Like so much in South Africa, the advertising and media industries are
in a period of transition. The party atmosphere in the country that
followed the free elections, success in the Rugby World Cup and the
African Nations Cup (sport is big here) and re-entering the world
community has gone. In terms of both government and business, the
hangover of stripping away the layers of a closed society and trying to
become competitive is here. It is sinking in that President Mandela’s
popularity overseas is no protection against the realities of a global
market.
Of course, this creates enormous opportunities for companies and
investors with a robust disposition who are prepared to take a mid- to
long-term view. Most of the major US agency networks have returned to
the market on the coat-tails of their major clients.

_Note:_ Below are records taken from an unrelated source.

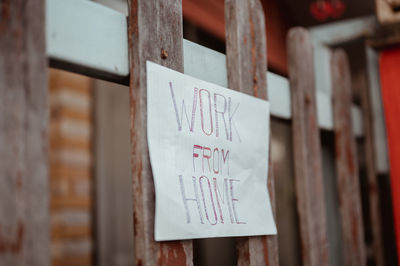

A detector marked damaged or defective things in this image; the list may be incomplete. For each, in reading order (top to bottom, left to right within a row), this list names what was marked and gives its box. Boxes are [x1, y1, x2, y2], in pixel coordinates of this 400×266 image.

rusty metal strip [0, 1, 50, 264]
rusty metal strip [126, 1, 192, 264]
rusty metal strip [223, 0, 280, 264]
rusty metal strip [290, 27, 330, 266]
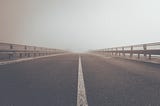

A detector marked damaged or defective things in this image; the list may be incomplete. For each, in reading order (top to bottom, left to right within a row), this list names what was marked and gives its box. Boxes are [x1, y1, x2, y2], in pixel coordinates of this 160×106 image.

rusted guardrail section [0, 42, 67, 60]
rusted guardrail section [90, 41, 160, 59]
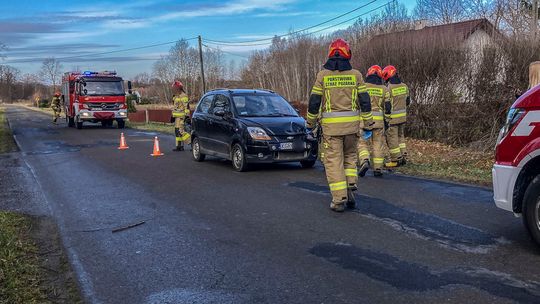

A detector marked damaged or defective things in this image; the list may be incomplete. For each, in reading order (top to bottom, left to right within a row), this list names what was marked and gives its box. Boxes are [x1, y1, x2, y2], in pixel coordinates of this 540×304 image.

cracked road surface [6, 105, 540, 304]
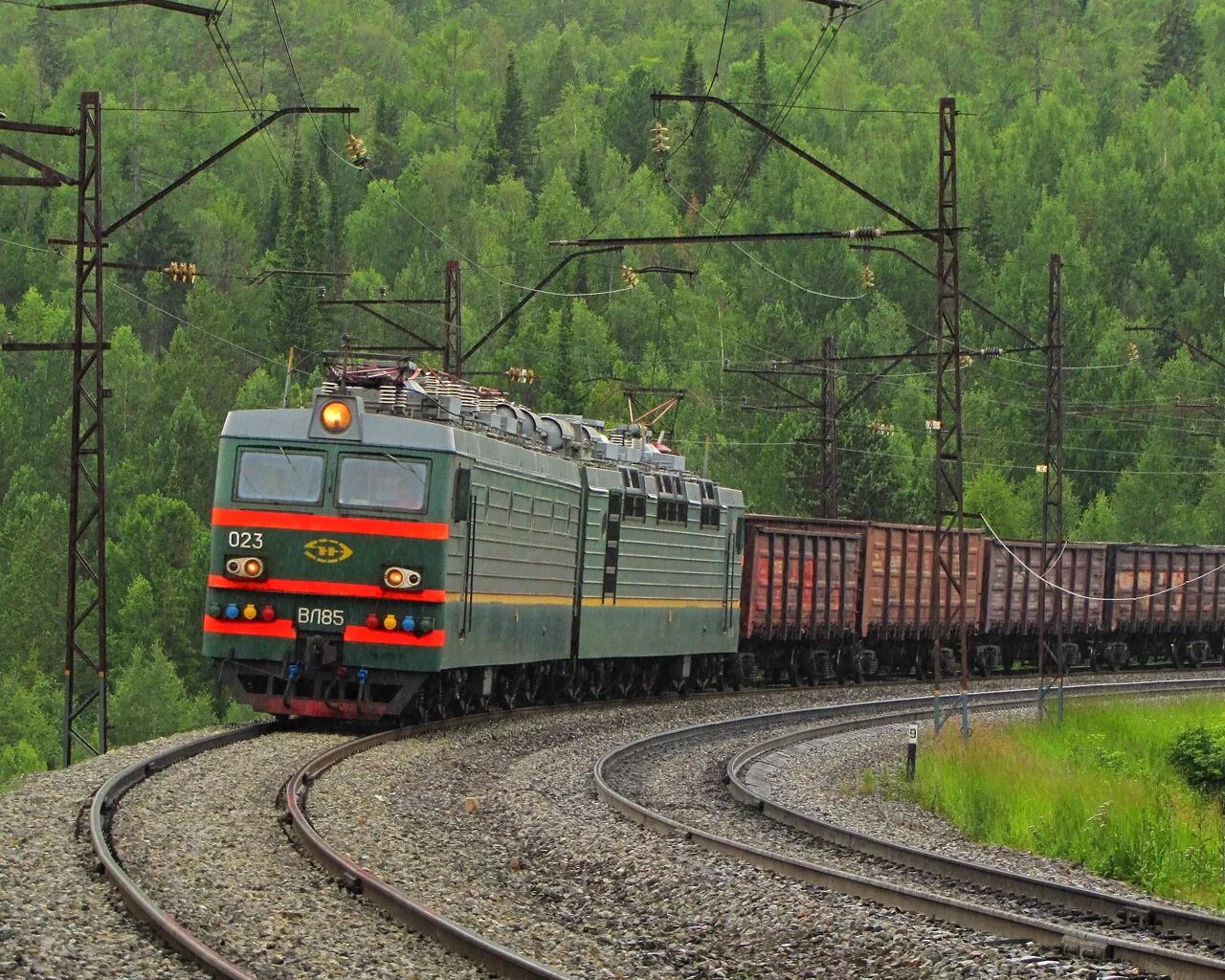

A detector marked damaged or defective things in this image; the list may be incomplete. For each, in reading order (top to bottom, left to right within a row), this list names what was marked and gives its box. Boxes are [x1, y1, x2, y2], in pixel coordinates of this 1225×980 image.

rusty freight wagon [735, 517, 862, 685]
rusty freight wagon [858, 523, 990, 676]
rusty freight wagon [974, 544, 1112, 676]
rusty freight wagon [1107, 539, 1225, 671]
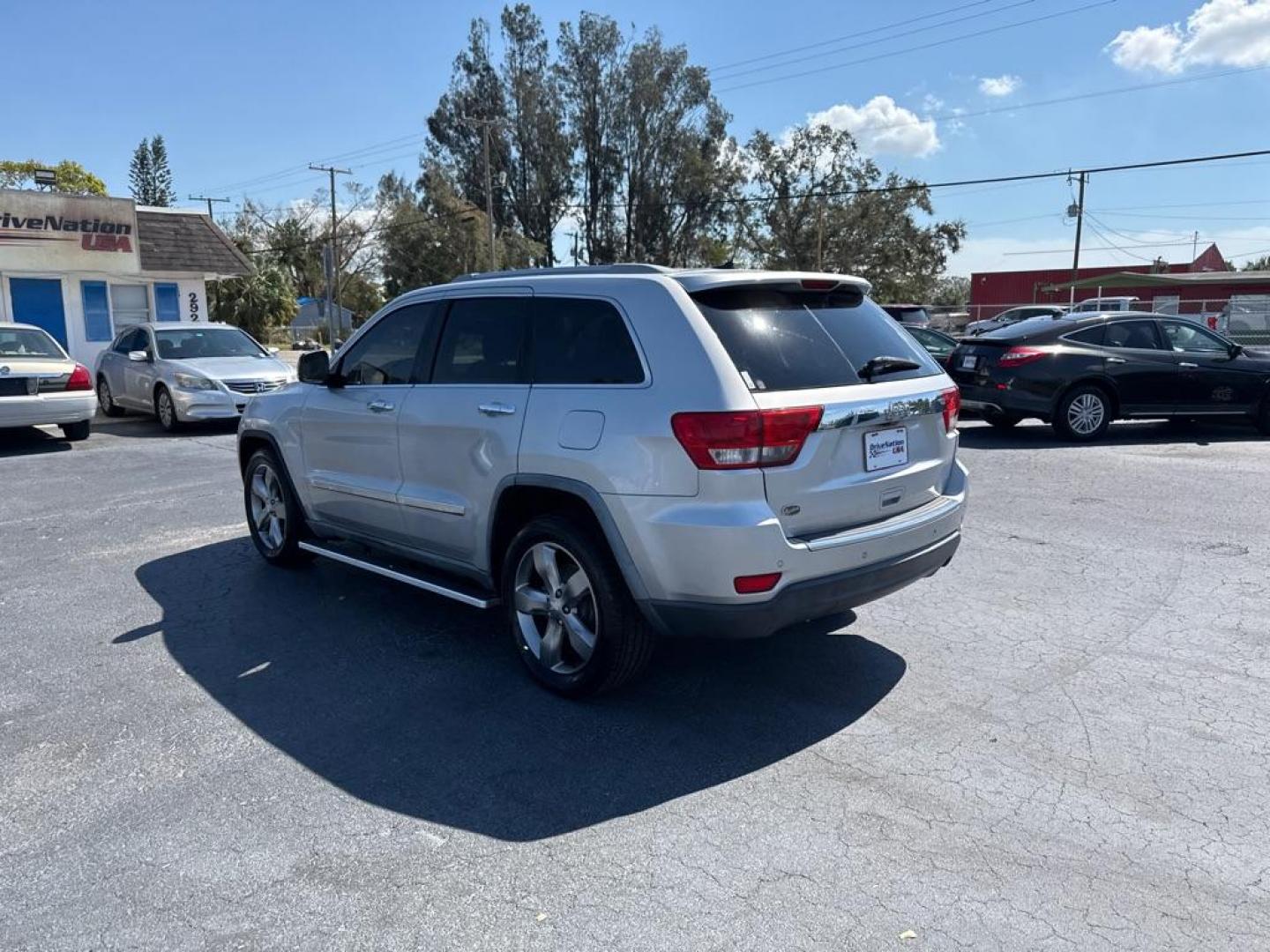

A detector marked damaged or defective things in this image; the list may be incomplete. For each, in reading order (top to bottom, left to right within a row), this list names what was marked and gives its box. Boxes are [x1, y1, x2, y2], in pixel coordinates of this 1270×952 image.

Omnicom recently out-manoeuvred Cordiant and bought the locally-owned
Bates SA (Campaign, 9 August), now trading as DDB. Cordiant has since
taken a major shareholding in another local agency. Other big players,
Hunt Lascaris TBWA, Ogilvy and Mather, Rightford and Lindsay Smithers
Foote Cone Belding are all thriving. It is the medium-sized, non-
affiliated agencies that are being squeezed as international client
realignments bite and margins come under pressure.
Another recent market dynamic has been the development of media
specialists - mostly dependants (South Africa seems to have leapfrogged
the small buying shop stage). My company, Eurospace, for example, as the
media arm of Omnicom, now has a 14 per cent market share. And because
the concept of specialists is accepted by most international clients,
growth has been rapid.
The deregulation of the media has also aided the transition. In the
past, media owners enjoyed cosy monopolies. The good news for
advertisers is that this is breaking down across all media and the
industry is getting rid of ratecard rigor mortis as competition arrives.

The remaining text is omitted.